◆ **Exercise objective**
Write out, unaltered, each line from the top of the records below down to the line where "Custom Powder Blue" appears, that line included.
(Beginning of Extracted material)
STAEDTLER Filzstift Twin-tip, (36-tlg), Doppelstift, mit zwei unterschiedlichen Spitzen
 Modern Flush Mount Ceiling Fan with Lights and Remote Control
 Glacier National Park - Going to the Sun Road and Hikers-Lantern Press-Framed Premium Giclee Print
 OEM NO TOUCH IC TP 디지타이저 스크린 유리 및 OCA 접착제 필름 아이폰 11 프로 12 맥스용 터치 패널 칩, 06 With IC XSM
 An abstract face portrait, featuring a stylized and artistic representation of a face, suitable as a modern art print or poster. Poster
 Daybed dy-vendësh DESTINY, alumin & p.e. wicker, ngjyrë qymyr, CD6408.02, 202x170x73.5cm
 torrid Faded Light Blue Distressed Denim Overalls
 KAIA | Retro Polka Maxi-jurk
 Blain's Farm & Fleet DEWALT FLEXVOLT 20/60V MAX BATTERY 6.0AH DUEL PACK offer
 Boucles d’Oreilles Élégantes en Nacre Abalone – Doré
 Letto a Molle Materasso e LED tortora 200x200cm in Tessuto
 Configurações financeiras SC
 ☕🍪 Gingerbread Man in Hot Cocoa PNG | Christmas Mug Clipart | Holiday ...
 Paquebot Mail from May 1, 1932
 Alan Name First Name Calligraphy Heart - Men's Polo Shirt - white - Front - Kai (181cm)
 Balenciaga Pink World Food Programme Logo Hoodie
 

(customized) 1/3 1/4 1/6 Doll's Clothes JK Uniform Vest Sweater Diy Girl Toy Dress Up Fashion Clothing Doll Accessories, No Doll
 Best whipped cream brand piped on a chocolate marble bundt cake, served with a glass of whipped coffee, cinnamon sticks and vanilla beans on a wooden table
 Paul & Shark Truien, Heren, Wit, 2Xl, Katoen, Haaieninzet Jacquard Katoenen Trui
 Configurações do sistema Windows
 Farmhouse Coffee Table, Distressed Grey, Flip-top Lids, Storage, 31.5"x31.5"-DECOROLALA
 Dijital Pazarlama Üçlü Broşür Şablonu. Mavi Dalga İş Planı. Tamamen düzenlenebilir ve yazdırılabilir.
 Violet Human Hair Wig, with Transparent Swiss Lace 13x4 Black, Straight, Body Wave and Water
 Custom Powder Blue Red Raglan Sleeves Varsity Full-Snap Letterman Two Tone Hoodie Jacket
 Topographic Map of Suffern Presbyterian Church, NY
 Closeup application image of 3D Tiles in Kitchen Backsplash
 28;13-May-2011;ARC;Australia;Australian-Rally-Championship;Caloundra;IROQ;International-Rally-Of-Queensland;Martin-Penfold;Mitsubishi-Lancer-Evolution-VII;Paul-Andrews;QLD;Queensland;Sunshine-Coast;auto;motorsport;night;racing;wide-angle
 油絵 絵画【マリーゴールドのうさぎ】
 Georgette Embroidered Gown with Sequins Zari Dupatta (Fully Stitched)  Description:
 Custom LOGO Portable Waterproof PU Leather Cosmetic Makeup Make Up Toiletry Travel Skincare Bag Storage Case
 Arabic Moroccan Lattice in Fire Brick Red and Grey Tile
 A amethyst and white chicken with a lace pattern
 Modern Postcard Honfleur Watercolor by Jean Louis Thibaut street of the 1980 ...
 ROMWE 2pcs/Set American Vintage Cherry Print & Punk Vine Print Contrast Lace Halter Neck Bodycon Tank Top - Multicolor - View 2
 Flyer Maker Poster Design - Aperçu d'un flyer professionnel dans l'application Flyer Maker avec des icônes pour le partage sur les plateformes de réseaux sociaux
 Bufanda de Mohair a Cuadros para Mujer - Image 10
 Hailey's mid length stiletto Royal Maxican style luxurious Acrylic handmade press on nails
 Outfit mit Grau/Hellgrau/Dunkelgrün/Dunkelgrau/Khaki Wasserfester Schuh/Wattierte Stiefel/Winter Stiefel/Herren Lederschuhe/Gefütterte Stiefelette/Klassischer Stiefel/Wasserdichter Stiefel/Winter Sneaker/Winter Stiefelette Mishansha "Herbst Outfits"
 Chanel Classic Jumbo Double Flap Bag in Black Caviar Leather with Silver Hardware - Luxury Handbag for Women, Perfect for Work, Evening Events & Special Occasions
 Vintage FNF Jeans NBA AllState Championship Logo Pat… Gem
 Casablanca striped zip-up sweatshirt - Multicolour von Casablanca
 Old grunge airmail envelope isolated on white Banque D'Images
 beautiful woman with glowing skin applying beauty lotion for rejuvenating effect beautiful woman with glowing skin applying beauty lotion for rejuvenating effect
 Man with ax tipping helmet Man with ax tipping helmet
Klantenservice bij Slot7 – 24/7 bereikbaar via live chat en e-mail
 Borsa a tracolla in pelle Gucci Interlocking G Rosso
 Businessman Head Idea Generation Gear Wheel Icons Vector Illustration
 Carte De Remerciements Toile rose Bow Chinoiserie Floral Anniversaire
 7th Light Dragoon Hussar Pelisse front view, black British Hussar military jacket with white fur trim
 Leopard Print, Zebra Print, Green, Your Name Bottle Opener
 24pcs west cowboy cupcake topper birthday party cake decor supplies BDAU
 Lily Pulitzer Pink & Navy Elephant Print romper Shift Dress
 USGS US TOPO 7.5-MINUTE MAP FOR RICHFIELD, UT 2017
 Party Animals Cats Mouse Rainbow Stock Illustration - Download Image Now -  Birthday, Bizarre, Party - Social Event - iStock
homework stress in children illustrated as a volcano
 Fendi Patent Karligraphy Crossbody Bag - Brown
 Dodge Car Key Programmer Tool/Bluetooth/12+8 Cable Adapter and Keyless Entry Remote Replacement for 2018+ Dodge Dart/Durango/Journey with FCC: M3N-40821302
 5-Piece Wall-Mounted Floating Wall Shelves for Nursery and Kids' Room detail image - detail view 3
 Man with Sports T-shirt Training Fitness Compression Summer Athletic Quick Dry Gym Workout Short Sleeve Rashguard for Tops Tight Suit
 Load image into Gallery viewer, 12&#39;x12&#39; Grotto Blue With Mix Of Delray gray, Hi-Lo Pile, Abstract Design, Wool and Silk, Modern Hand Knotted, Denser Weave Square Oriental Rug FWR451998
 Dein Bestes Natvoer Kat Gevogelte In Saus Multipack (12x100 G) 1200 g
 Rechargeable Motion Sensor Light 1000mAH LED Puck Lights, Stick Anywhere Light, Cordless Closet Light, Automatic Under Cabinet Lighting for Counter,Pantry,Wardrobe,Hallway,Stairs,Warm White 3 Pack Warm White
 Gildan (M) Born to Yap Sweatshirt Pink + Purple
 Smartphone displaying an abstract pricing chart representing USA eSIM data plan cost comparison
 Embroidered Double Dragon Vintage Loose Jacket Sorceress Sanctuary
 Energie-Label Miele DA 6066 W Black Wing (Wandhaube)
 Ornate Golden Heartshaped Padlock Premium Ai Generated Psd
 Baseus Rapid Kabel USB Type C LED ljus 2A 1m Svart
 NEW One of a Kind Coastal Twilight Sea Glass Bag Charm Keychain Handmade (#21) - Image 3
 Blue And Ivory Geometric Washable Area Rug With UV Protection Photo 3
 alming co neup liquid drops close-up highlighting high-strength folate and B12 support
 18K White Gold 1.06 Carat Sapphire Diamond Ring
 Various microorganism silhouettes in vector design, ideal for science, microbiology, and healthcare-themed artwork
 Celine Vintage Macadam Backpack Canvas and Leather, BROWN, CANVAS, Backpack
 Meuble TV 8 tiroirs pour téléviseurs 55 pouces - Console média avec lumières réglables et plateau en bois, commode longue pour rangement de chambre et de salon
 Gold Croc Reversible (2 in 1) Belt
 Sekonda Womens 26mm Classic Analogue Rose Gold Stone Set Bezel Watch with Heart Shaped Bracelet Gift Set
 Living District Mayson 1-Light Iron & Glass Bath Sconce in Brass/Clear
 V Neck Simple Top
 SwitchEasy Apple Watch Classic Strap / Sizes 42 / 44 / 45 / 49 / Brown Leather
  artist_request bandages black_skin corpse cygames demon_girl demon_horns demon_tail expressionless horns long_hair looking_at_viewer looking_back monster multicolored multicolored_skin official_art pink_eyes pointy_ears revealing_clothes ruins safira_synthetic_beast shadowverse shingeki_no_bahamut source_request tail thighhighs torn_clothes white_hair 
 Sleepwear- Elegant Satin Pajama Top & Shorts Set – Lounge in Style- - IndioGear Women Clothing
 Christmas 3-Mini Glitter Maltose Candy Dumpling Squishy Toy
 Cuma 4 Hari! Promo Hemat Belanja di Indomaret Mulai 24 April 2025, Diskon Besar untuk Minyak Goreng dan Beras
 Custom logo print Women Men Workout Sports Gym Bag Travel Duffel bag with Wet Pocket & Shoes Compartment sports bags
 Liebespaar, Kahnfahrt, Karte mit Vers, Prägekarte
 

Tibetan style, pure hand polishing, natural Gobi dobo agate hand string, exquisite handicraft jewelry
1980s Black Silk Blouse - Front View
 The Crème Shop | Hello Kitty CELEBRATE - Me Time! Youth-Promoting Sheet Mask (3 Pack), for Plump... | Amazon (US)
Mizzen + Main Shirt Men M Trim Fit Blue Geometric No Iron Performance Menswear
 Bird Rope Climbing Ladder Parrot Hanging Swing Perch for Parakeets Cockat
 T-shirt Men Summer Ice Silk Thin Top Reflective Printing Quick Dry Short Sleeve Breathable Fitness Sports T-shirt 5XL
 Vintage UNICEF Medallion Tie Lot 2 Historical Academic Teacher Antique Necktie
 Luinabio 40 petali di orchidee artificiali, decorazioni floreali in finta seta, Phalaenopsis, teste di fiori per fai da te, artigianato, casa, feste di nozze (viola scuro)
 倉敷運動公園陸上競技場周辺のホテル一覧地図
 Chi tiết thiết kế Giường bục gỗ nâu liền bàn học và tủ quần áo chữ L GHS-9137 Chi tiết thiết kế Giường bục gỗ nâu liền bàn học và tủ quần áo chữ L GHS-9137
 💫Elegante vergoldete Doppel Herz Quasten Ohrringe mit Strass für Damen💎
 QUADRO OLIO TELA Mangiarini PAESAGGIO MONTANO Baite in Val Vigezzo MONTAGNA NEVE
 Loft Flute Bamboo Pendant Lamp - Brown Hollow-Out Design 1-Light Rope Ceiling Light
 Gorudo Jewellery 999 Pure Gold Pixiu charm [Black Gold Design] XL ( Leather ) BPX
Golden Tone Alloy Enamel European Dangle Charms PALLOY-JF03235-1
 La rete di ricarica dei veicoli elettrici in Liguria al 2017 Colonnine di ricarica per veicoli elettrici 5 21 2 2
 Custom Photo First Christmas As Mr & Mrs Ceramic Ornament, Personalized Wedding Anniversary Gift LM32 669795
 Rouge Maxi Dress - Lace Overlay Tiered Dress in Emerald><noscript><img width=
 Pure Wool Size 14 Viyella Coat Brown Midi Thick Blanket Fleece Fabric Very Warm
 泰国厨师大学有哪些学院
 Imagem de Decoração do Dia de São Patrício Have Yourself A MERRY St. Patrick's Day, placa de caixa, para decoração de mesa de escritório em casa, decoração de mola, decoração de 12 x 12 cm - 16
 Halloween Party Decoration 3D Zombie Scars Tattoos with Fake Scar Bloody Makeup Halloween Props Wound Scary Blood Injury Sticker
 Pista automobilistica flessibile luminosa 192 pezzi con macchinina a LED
(End of Extracted material)
◆ **Task output**
STAEDTLER Filzstift Twin-tip, (36-tlg), Doppelstift, mit zwei unterschiedlichen Spitzen
 Modern Flush Mount Ceiling Fan with Lights and Remote Control
 Glacier National Park - Going to the Sun Road and Hikers-Lantern Press-Framed Premium Giclee Print
 OEM NO TOUCH IC TP 디지타이저 스크린 유리 및 OCA 접착제 필름 아이폰 11 프로 12 맥스용 터치 패널 칩, 06 With IC XSM
 An abstract face portrait, featuring a stylized and artistic representation of a face, suitable as a modern art print or poster. Poster
 Daybed dy-vendësh DESTINY, alumin & p.e. wicker, ngjyrë qymyr, CD6408.02, 202x170x73.5cm
 torrid Faded Light Blue Distressed Denim Overalls
 KAIA | Retro Polka Maxi-jurk
 Blain's Farm & Fleet DEWALT FLEXVOLT 20/60V MAX BATTERY 6.0AH DUEL PACK offer
 Boucles d’Oreilles Élégantes en Nacre Abalone – Doré
 Letto a Molle Materasso e LED tortora 200x200cm in Tessuto
 Configurações financeiras SC
 ☕🍪 Gingerbread Man in Hot Cocoa PNG | Christmas Mug Clipart | Holiday ...
 Paquebot Mail from May 1, 1932
 Alan Name First Name Calligraphy Heart - Men's Polo Shirt - white - Front - Kai (181cm)
 Balenciaga Pink World Food Programme Logo Hoodie
 

(customized) 1/3 1/4 1/6 Doll's Clothes JK Uniform Vest Sweater Diy Girl Toy Dress Up Fashion Clothing Doll Accessories, No Doll
 Best whipped cream brand piped on a chocolate marble bundt cake, served with a glass of whipped coffee, cinnamon sticks and vanilla beans on a wooden table
 Paul & Shark Truien, Heren, Wit, 2Xl, Katoen, Haaieninzet Jacquard Katoenen Trui
 Configurações do sistema Windows
 Farmhouse Coffee Table, Distressed Grey, Flip-top Lids, Storage, 31.5"x31.5"-DECOROLALA
 Dijital Pazarlama Üçlü Broşür Şablonu. Mavi Dalga İş Planı. Tamamen düzenlenebilir ve yazdırılabilir.
 Violet Human Hair Wig, with Transparent Swiss Lace 13x4 Black, Straight, Body Wave and Water
 Custom Powder Blue Red Raglan Sleeves Varsity Full-Snap Letterman Two Tone Hoodie Jacket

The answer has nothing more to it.